Beautiful pigmented flowers hanging on frames, trees and walls with sweet scent catch your attention as you approach a garden in Malindi.
Nick Conway, the owner of the Hanging Garden, says he ventured into orchids as a substitute to tourism that kept on dwindling in Malindi over the past years.
I found him watering some purple, green and red coloured flowers planted on wood, flotsam and stones inside clay and wooded pots shaped like mugs, buckets and trays among others.
“Most of the flowers here range from Sh500 to Sh100,000 depending on the species, cost of transportation for delivery, type and size of flower pot,” he says.
Some of the domestic and wild species of flowers in the garden include dendrobiums also known as foxtail orchids, rhynchostylis, cattleya and angraecum from Madagascar among others.
Another scenery of a witty bushy plant covering a mask also hangs on a wall, which he identifies as “Old Man’s Beard”, a Spanish moss scientifically referred to as tillandsia usneoides.
“The plant sell at Sh500 per bunch and it gives a beautiful scenery at homes and hotels and birds use them for making nests,” he says adding that “once planted, it multiplies itself to cover a place like wool.”
Mr Conway, a Briton with over 12 years experience in landscaping and gardening from the UK, says he uses local artisans to make the flower pots in order to incorporate African art and design.
“The flower pots have been made with a lot of creativity by local artists in Mombasa and they display the true African heritage and culture intertwined with beauty and sweet flower scent,” he says.

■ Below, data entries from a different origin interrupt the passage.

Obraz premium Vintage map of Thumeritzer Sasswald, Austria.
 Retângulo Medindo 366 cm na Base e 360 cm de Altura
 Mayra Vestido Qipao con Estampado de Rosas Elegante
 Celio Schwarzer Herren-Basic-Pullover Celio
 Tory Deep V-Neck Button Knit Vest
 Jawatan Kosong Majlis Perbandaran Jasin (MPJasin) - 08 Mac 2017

He then fills the pots with pebbles, charcoal or coconut chunks that assists to hold the plant roots firmly in the pot and provide water and nutrients.
“The organic materials decompose after some time providing nutrients to the plants, although refilling is required once they decompose and I irrigate them depending on moisture content,” he says.
However, Mr Conway who also operates a tour advisory company says he has incorporated creativity and styles from Japan, Asia and the Mediterranean to attract more customers.
“We also specialise in transforming patio areas, pools, roof tops, gazebos and turning parts of the garden or trees into focal points,” he says.
Mr Conway who has employed five casual labourers to assist him in garden works usually imports some of the flowers from as far as Thailand, Europe, Mediterranean, Madagascar and South America.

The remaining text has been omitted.